Here’s a long DWM interview with Terrance Dicks, covering his first time working on ‘Doctor Who’ during Patrick Troughton’s era, through the Jon Pertwee years, onto his blazing row with Robert Holmes over ‘The Brain of Morbius’, then his original script for ‘The Five Doctors’ before Tom Baker pulled out, and then ‘The Ultimate Adventure’ stage play.
“I was a freelance radio and script editor in the mid-1960’s. I’d just left a well-paying job in advertising to take the plunge and one of the first jobs I got was a soap, ‘Crossroads’. One of the other writers on the series was a guy called Derrick Sherwin. He and I used to go to the weekly story conferences together, and we got to know each other quite well; not best buddies or anything, but we would travel up on the train together and chat. He left ‘Crossroads’ to be the script editor on ‘Doctor Who’, and some time after that he phoned me up out of the blue and said ‘How would you like to be the script editor on Doctor Who?’. It was just as casual as that.
“The first thing I heard when I joined was ‘They’re going to end it this season’. The show was going downwards at that time. I thought it was like being given a job on the Titanic! They were actually looking for a replacement at the time, but they never really found anything, so they decided to do another year of ‘Doctor Who’. Around that time, it all sort of came together.
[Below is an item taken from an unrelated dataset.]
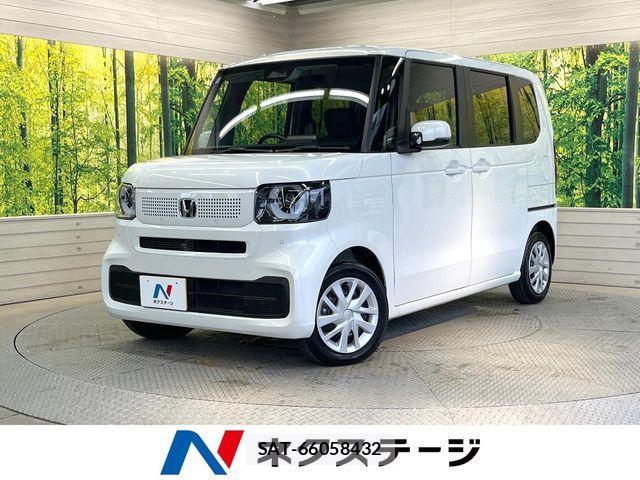Honda N BOX 2024-12 8830604-0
Barry Letts became producer, I took over as script editor, Jon Pertwee became the Doctor, the show went into colour, and the whole thing clicked. We suddenly took off again and started getting really good viewing figures. It was like a renaissance for the show.
“With ‘The War Games’, if I remember correctly, what happened was that not one but two script projects collapsed simultaneously. The show was in a tremendous state of chaos. So we came up with the idea of having one, very long serial. We didn’t really know, however, until the end, whether Patrick was going to leave at the end or not. The scripts were written at about the rate of one a day! Malcolm Hulke, who was a very fast touch typist, would sit at the typewriter, and one or the other of us would say a line, and it would appear on the page. In retrospect, I think that the story would benefit from losing about four episodes. The concept of the different time zones, the different wars etc., is good. And some of the cliffhangers were good too. But the plot didn’t actually advance much for several episodes.
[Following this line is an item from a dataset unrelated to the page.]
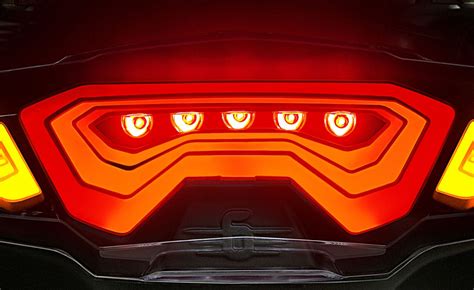 Bmw Developing Organic Oled Lighting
“My memory is that Derrick Sherwin said that the Doctor comes from this superior race of beings called the Time Lords. Where he got that from, I have no idea. Since they seemed to work in ‘The War Games’, we developed and extended them over the Jon Pertwee years. Whenever we wanted to get the Doctor off Earth on some mission, we’d have the Time Lords use him as a kind of reluctant secret agent. That was all quite fun, the idea of having the Doctor arrive somewhere in a state of great indignation, and then get involved! Then, at the end of ‘The Three Doctors’, we decided we wanted to be finished with that whole concept. So, the Doctor was pardoned and given back his knowledge of time travel and some vital component of the TARDIS.
“In the early years, it was a general feeling of getting the show working again, because there had been a lot of changes of script editor and producer, and it was a mess. When Barry and I took over, it was a shambles, and there was a lot of pleasure in bringing order out of that.
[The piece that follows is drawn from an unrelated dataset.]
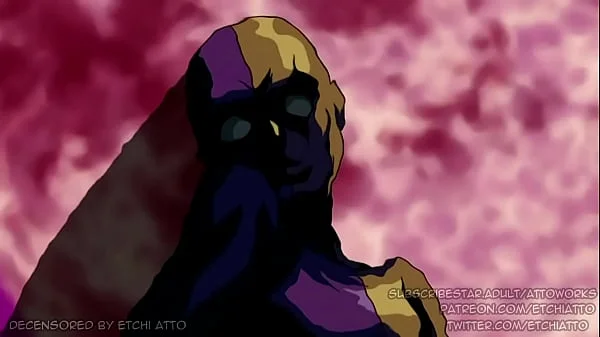 Taimanin Asagi Episode 1 decensored by etchiatto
“Having a season that was one giant story was an option that Barry and I considered several times, and always rejected because we felt the disadvantages outweighed the advantages. Obviously when they made ‘Trial of a Time Lord’, they made the opposite decision. I feel on that whole that they proved we were right. We did it in season ten with the Master, because you can have him come and go, and yet you have the liberty to do certain stories. The way the Master worked best was to keep him up our sleeves, do two or three shows without him, and then kind of bring him in suddenly. It’s rather like the Daleks.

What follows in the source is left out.